What Music Means to Me

March 13, 2019

I was speaking to some students the other day and one of them asked “What does music mean to you? Is it just entertainment?”

I was nonplussed for a moment. It was quite the question, and I wasn’t really sure how to answer. After a moment’s thought, I replied that music meant everything to me. “Without it,” I said, “I feel empty, I feel lost. It goes far beyond entertainment… Nothing quite captures the entire palate of human emotion. Give me an emotion,” I said to the students, “any emotion.”

The student replied, “How about pain?”

To which I responded, “Listen to Mahler’s 9th Symphony. I still cry when I listen to it!”

Another student chimed in, “How about love?”

“Elgar’s Serenade for Strings,” was my response.

“How about feeling powerful?” said a third student.

“Sibelius – Symphony No. 5, listen to the French horns,” I said.
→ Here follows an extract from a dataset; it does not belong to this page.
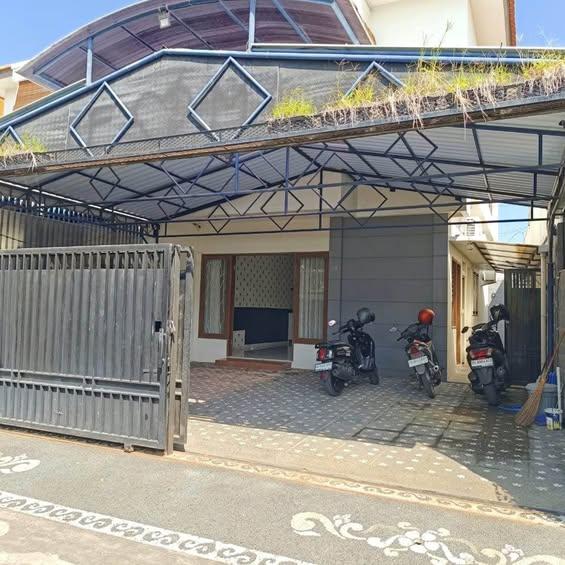 4 bedroom house in Denpasar — photo 1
“And what’s amazing,” I went on, “is that nothing can change the mood of a person and unify a room of people, like music.”

As I said to the students, the next time you go to a concert, just sit back and observe. Watch the thousand or more people filing into the concert hall. There’s all kinds of chatter. You will see all kinds of emotions on the faces of those coming to listen. But after the concertmaster has tuned the orchestra, you can hear a pin drop, you can feel the anticipation. All eyes on the orchestra.

And then look at the faces of those listening as the music begins. You will see eyes darting back-and-forth as the music darts back and forth between the violins and celli. Smiles and frowns as it moves through the development. You’ll see people moving in their seats. And you will see people jump to their feet in thunderous applause, if the performance has moved them.

And you can feel a connection between the musicians on stage – especially the soloists – and the audience. It’s a connection resulting from everyone resonating to the same musical experience.

But for me personally, it’s even more. Imagine the power of a great book. What music does is even more powerful. It picks up where words stop and transports you to another level of human experience. It elicits an almost psychedelic experience, really. If you close your eyes you can actually imagine the scene the composer imagines. Listen to Saint-Saëns’s Carnival of Animals. You can imagine royal guards marching and huge elephants, lions roaring and exotics birds soaring, roosters pecking and tortoises plodding along in the mud or a beautiful, lone swan gliding across a shimmering lake.

When I finished describing this sensation, a student asked why she didn’t feel this way.

I replied, “It only happens if you really listen and let yourself imagine. If you treat it as background music, it won’t happen. You really have to listen intently.”

“Then there is playing music,” I went on. “You become one with your instrument. And sometime you feel like the music is coming from inside your brain or directly from your heart. And after you play, you reach a place of calm, of Zen. Whatever worry you might have. However bad your day might have been. Well, as Bobby McFerrin would say “Don’t worry, Be Happy.”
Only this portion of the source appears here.